HbA1c (Glycated Haemoglobin)

Glucose binds non-enzymatically to the N-terminal valine of haemoglobin beta chains in a process called glycation (not to be confused with glycosylation, which is enzyme-mediated). The rate of glycation is proportional to prevailing blood glucose; thus, over a red blood cell's 120-day lifespan, HbA1c accumulates in proportion to average glycaemia.

Standardised HbA1c assays align to IFCC (International Federation of Clinical Chemistry) or NGSP (National Glycohemoglobin Standardization Program) methods. Results may be expressed as a percentage (NGSP) or in mmol/mol (IFCC). Conversion: NGSP% = (0.0915 × IFCC mmol/mol) + 2.15.

Conditions that affect red blood cell turnover can distort HbA1c: haemolytic anaemia, iron deficiency anaemia (falsely raises HbA1c), haemoglobinopathies (including sickle cell trait), and recent blood transfusion can all impair interpretation. In these settings, fructosamine or continuous glucose monitoring may be preferred.

Non-diabetic (normal): HbA1c <39 mmol/mol (<5.7% NGSP). Prediabetes: 39-47 mmol/mol (5.7-6.4% NGSP) — WHO criteria, or 42-47 mmol/mol (6.0-6.4%) per some UK guidelines. Type 2 diabetes: ≥48 mmol/mol (≥6.5% NGSP) on two separate occasions, or once with symptoms.

Optimal management target in diagnosed type 2 diabetes is generally HbA1c <53 mmol/mol (<7.0%), though targets should be individualised based on hypoglycaemia risk, age, comorbidities, and patient preference.

Each 1% (11 mmol/mol) reduction in HbA1c is associated with approximately 37% reduction in microvascular complication risk (UKPDS data), establishing HbA1c reduction as a meaningful surrogate endpoint in clinical trials.

In men, rising HbA1c is associated with progressive testosterone decline, partly mediated by insulin resistance and its downstream effects on the HPG axis.
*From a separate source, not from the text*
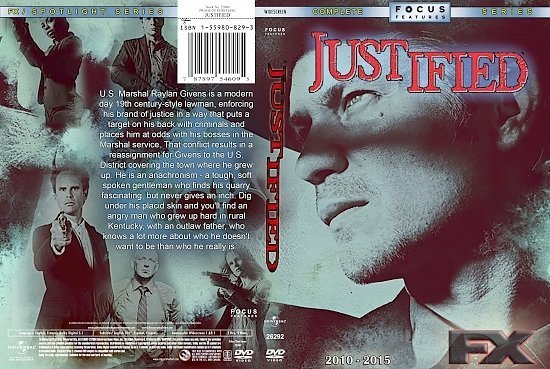 dvd cover Justified Complete Series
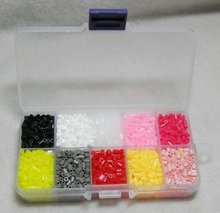 Guaranteed 100% Pe, Diy Educational 100% Green Product 10 Grids Storage Box + 10 Bags 5mm Perler Beads + Free Shipping 2024 - buy cheap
The EMAS (European Male Ageing Study) and other cohort studies consistently show inverse associations between glycaemic measures and testosterone.

Elevated HbA1c is also associated with elevated SHBG in some models (particularly where weight is controlled for), but in clinical practice, men with metabolic syndrome and high HbA1c more commonly present with low SHBG — reflecting the dominant effect of hyperinsulinaemia suppressing SHBG production.
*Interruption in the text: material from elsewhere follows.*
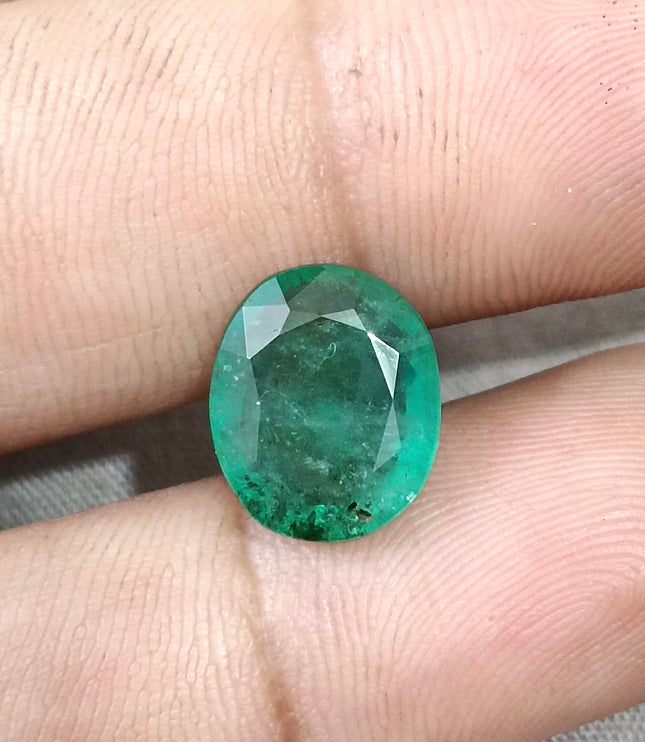 4.75ct Zambian Emerald Natural Oval Earth Mined Gemstone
Erectile dysfunction (ED) is strongly correlated with glycaemic status: men with HbA1c in the diabetic range have roughly 3-4 times the prevalence of ED compared to normoglycaemic men, driven by both vascular and neuropathic mechanisms.

HbA1c screening is recommended in all adults with overweight/obesity, hypertension, dyslipidaemia, family history of diabetes, or age ≥45. For men presenting with low testosterone, erectile dysfunction, or unexplained fatigue, HbA1c should be part of the standard metabolic screen.
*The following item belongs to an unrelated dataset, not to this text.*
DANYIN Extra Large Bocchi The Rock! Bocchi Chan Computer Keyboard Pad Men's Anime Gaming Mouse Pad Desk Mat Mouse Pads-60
Limitations of HbA1c: reflects a 3-month average and misses glycaemic variability. A man can have a 'normal' HbA1c but severe post-prandial hyperglycaemia (detected by continuous glucose monitoring or 2-hour OGTT). The first-morning fasting glucose and insulin (for HOMA-IR calculation) provide complementary information.

HbA1c trajectory matters as much as absolute value: an HbA1c rising from 34 to 42 mmol/mol over 2 years (still 'normal' range) represents meaningful progression toward prediabetes and should prompt proactive lifestyle intervention.